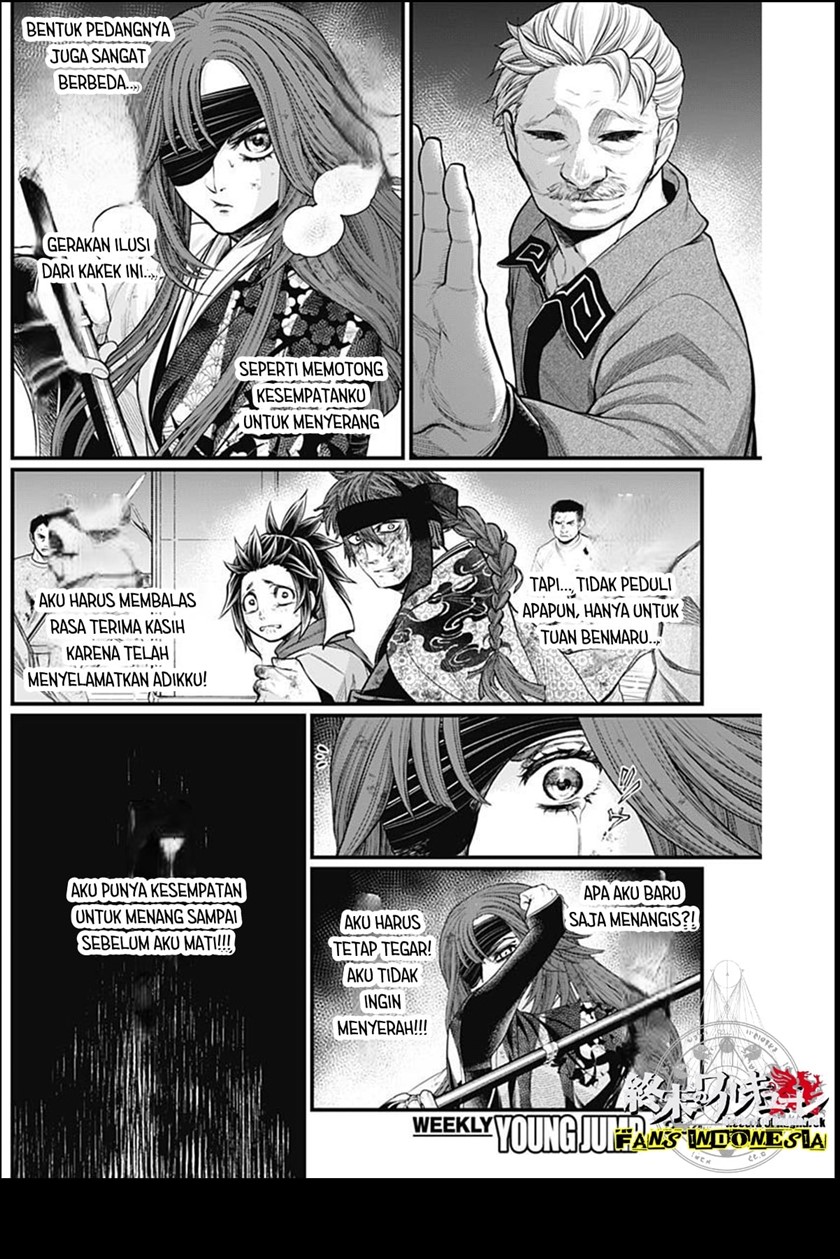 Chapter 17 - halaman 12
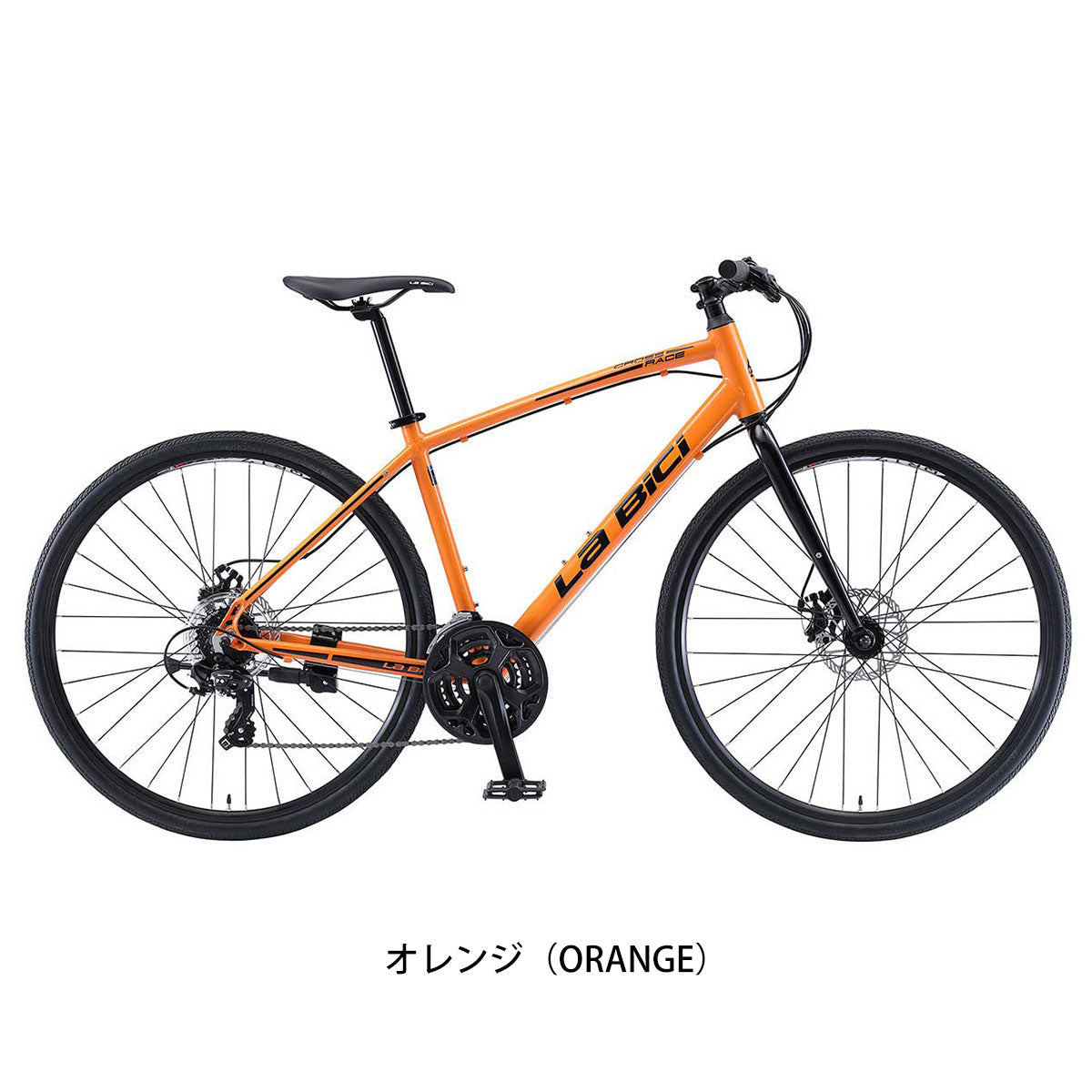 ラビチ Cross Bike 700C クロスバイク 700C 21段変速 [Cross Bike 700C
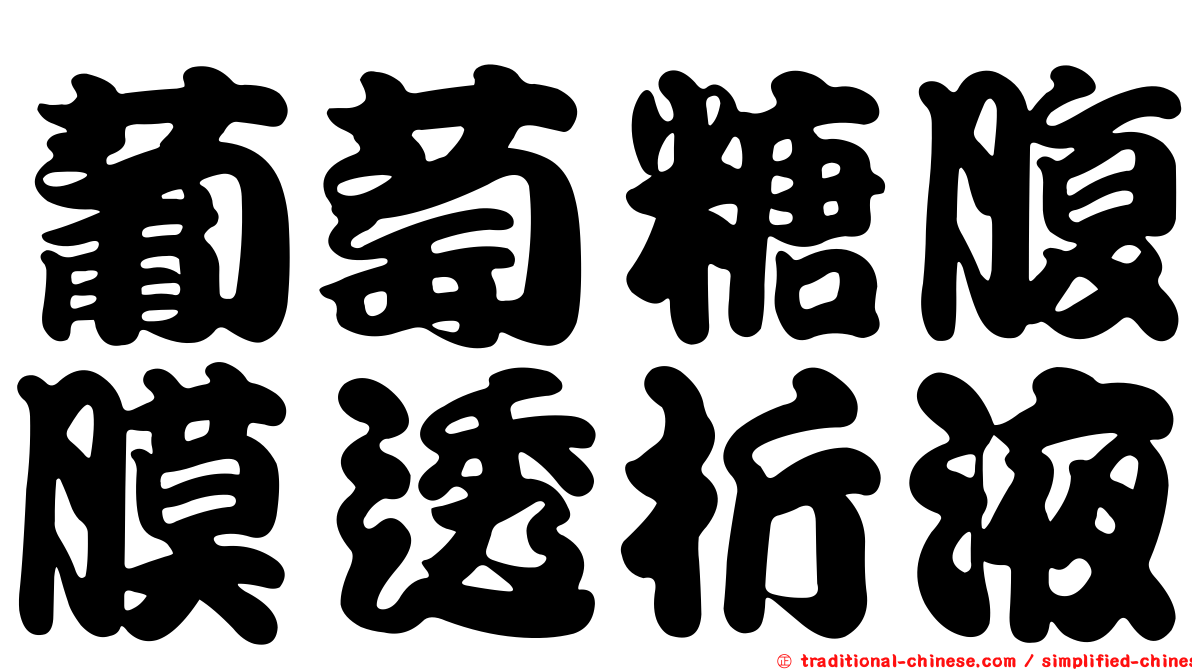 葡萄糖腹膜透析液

ASSIGNMENT: Retype all the data exactly, please, without pictures.

EXERCISE ANSWER:
 Chapter 17 - halaman 12
 ラビチ Cross Bike 700C クロスバイク 700C 21段変速 [Cross Bike 700C
 葡萄糖腹膜透析液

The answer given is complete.